**Records from a dataset:**
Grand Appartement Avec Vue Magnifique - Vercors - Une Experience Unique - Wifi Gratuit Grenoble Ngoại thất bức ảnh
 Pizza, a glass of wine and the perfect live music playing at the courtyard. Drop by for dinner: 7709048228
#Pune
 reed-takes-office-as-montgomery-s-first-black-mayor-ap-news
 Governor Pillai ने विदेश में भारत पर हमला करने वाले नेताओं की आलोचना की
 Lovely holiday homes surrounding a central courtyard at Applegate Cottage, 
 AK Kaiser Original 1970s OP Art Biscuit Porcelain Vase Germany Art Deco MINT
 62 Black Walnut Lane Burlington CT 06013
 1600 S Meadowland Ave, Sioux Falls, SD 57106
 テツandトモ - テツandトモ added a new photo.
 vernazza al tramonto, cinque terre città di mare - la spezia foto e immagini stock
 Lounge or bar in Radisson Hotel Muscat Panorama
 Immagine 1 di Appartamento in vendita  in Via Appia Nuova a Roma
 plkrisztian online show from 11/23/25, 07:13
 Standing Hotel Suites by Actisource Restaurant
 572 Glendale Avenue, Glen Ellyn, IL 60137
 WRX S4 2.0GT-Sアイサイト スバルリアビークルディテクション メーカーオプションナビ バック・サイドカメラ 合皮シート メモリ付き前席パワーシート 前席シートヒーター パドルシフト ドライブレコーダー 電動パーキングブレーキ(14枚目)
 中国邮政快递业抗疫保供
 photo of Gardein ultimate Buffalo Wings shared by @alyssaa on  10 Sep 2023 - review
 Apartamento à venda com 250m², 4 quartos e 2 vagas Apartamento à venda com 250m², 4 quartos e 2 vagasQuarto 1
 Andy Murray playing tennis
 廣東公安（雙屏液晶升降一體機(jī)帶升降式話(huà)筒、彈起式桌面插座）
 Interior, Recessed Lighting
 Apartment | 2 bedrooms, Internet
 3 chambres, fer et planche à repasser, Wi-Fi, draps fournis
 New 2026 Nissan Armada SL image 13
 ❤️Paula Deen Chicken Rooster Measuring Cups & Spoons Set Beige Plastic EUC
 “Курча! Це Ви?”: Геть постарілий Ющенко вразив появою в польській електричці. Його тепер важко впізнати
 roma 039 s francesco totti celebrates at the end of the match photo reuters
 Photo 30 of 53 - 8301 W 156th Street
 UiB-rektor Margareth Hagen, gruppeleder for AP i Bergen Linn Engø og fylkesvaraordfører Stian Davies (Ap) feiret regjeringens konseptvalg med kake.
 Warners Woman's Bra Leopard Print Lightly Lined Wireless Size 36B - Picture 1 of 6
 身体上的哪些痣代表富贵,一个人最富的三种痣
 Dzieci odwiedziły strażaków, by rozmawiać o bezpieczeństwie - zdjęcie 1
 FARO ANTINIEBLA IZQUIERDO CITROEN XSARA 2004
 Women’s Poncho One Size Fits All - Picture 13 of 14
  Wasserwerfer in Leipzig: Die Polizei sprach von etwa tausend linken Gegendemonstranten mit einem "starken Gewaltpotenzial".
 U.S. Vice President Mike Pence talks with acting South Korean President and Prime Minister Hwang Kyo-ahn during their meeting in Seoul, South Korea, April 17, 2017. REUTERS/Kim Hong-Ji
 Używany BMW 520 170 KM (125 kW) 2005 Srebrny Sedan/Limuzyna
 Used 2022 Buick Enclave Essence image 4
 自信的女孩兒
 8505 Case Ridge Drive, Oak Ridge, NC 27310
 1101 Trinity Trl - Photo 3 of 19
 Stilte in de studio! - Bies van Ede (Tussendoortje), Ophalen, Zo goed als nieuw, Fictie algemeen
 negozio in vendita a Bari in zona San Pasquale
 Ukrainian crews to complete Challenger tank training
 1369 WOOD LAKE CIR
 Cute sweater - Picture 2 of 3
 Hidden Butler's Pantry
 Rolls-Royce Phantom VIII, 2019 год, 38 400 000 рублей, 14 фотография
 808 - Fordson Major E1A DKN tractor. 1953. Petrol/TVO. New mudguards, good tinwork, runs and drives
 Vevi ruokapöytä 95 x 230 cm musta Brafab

**EXERCISE:**
Would you retype the lines above from the one with "Pizza, a glass" down to the one with "AK Kaiser Original", word for word, both ends included and no other lines?

**SOLUTION FOR THIS TASK:**
 Pizza, a glass of wine and the perfect live music playing at the courtyard. Drop by for dinner: 7709048228
#Pune
 reed-takes-office-as-montgomery-s-first-black-mayor-ap-news
 Governor Pillai ने विदेश में भारत पर हमला करने वाले नेताओं की आलोचना की
 Lovely holiday homes surrounding a central courtyard at Applegate Cottage, 
 AK Kaiser Original 1970s OP Art Biscuit Porcelain Vase Germany Art Deco MINT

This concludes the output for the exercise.